Saturday, October 12, 2013

Bringing Salvation

The Healing of Naaman
Readings for Sunday, October 13/ 28th Sunday in Ordinary Time:
2 Kings 5:14-17
Psalm 98:1-4
2 Timothy 2:8-13
Luke 17:11-19


As we find ourselves in the thick of college football season, I am continually struck by the intense animosity and sometimes outright hatred that fans can have for other teams, especially major rivals from their conference. The constant back and forth that can go on between them is almost reminiscent of the fued that we find in the Scriptures between the Jewish people and the Samaritans, non-Jewish people in the area of Israel. These two people had a longstanding and deep-seated hatred of one another and did their best not to have to interact with each other in any real sense since each saw the other as inferior to themselves. That powerful wedge between these two people is the background that we have to be attentive to as we approach the readings today.

In the Second Book of Kings we hear the story of Naaman, a Samaritan, being cleansed from his leprosy through the advice of Elisha the Jewish prophet. The fact that these two were talking with one another is something that would have shocked and even angered many people of their day. But they put aside all the expectations, social stigma, and their own biases in order to come to experience something more profound. Naaman humbles himself to approach the Elisha, which shows the extent to which he desired to be freed from the leprosy. In turn we see Elisha humble himself and receive the leprous Samaritan, which would have been doubly cast aside from the Jewish people. And when the two of them set aside those things that often separate them, we see that miracles happen. First, Naaman is cleansed. But note also that this cleansing is a spiritual one too, as he walks away recognizing that it was the God of Israel who was responsible for it. He has a conversion experience, which is why he makes the odd request to have two mule-loads of dirt. Often people thought that gods were territorial – a god was powerful over a certain place – so to take two loads of dirt was to bring a piece of Israel with him to his homeland, that the Lord whom he had encountered might be with him and continue to be worshipped by him even in his own land. All because they were willing to humble themselves and take a chance.

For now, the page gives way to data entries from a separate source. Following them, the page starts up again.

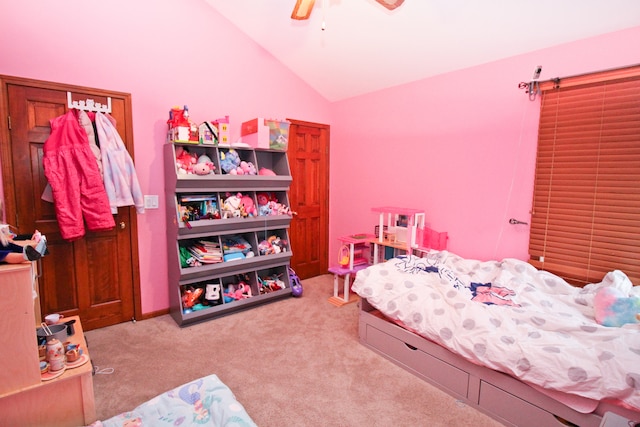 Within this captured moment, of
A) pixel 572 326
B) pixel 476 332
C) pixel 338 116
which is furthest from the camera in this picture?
pixel 338 116

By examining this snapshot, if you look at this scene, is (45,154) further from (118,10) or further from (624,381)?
(624,381)

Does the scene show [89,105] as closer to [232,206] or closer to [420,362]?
[232,206]

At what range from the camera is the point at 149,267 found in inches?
127

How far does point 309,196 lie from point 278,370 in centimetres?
245

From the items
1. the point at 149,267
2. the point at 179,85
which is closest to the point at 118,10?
the point at 179,85

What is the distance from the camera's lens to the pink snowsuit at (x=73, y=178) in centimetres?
256

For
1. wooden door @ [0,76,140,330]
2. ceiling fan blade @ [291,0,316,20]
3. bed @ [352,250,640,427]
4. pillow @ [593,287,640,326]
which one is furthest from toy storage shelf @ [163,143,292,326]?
pillow @ [593,287,640,326]

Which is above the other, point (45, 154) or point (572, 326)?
point (45, 154)

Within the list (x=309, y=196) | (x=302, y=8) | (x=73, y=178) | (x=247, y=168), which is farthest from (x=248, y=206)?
(x=302, y=8)

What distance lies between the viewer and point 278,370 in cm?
241

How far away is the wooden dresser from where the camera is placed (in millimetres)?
1419

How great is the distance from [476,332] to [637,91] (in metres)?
1.99

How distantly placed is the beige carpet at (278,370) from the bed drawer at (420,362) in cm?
6

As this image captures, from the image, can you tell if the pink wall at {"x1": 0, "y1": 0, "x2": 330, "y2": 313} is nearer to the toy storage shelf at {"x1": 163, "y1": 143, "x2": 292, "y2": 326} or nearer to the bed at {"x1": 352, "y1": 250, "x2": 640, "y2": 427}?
the toy storage shelf at {"x1": 163, "y1": 143, "x2": 292, "y2": 326} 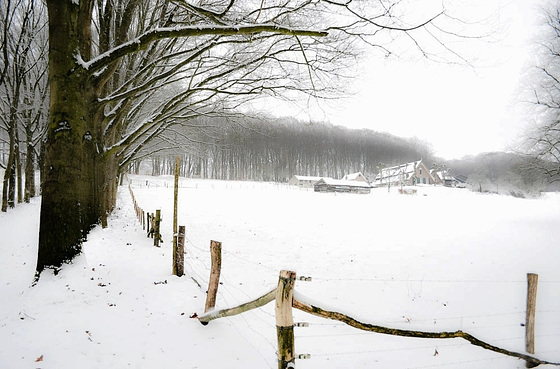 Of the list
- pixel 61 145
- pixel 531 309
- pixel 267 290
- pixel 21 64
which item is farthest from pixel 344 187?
pixel 61 145

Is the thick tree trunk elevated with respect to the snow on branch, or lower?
lower

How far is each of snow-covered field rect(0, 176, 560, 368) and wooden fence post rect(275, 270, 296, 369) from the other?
0.18m

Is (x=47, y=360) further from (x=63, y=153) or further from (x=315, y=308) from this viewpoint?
(x=63, y=153)

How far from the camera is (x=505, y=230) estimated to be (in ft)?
59.3

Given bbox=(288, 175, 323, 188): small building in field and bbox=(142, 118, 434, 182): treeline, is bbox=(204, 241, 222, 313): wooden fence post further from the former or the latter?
bbox=(288, 175, 323, 188): small building in field

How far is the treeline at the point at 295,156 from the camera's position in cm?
7694

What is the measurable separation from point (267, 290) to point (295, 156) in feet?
270

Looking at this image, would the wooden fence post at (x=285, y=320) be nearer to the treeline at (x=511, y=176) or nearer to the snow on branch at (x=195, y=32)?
the snow on branch at (x=195, y=32)

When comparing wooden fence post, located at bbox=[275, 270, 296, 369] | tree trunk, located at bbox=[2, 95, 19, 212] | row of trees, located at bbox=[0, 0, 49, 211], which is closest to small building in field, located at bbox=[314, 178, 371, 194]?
row of trees, located at bbox=[0, 0, 49, 211]

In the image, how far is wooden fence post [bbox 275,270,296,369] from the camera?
2.29 meters

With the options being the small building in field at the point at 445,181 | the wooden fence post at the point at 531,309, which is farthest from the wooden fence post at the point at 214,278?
the small building in field at the point at 445,181

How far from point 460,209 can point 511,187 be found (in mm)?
47364

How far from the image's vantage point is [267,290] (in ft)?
21.7

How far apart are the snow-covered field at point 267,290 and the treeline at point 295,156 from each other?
5506cm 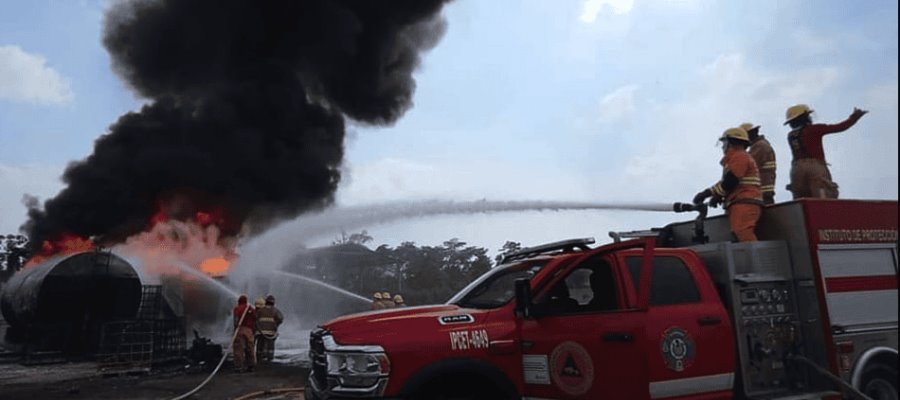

That story also foreshadows the story we hear of Jesus from Luke’s Gospel, this time with ten lepers being cleansed by the Lord. The leper who is nameless, a significant point which Luke places for us to be able to insert ourselves into the story, returns to Jesus alone rather than accompanied by the other nine after their healing. And from the words of Jesus it seems that this leper might have been the only one of the group that was not Jewish – he was a Samaritan. And yet he returns to the Lord and professes faith because he recognizes the miracle done and the One who had accomplished it, much like Naaman in the first reading. For this return the Lord speaks those blessed words to him, “Stand up and go. Your faith has saved you.” It wasn’t just faith that they would be healed that saved him – all ten had that faith, else they wouldn’t have gone to the priests as commanded – but rather the faith that led him to recognize the giver of the gift and return. Here too we encounter a person not of the Jewish faith encountering the God of Israel and experiencing a conversion of heart.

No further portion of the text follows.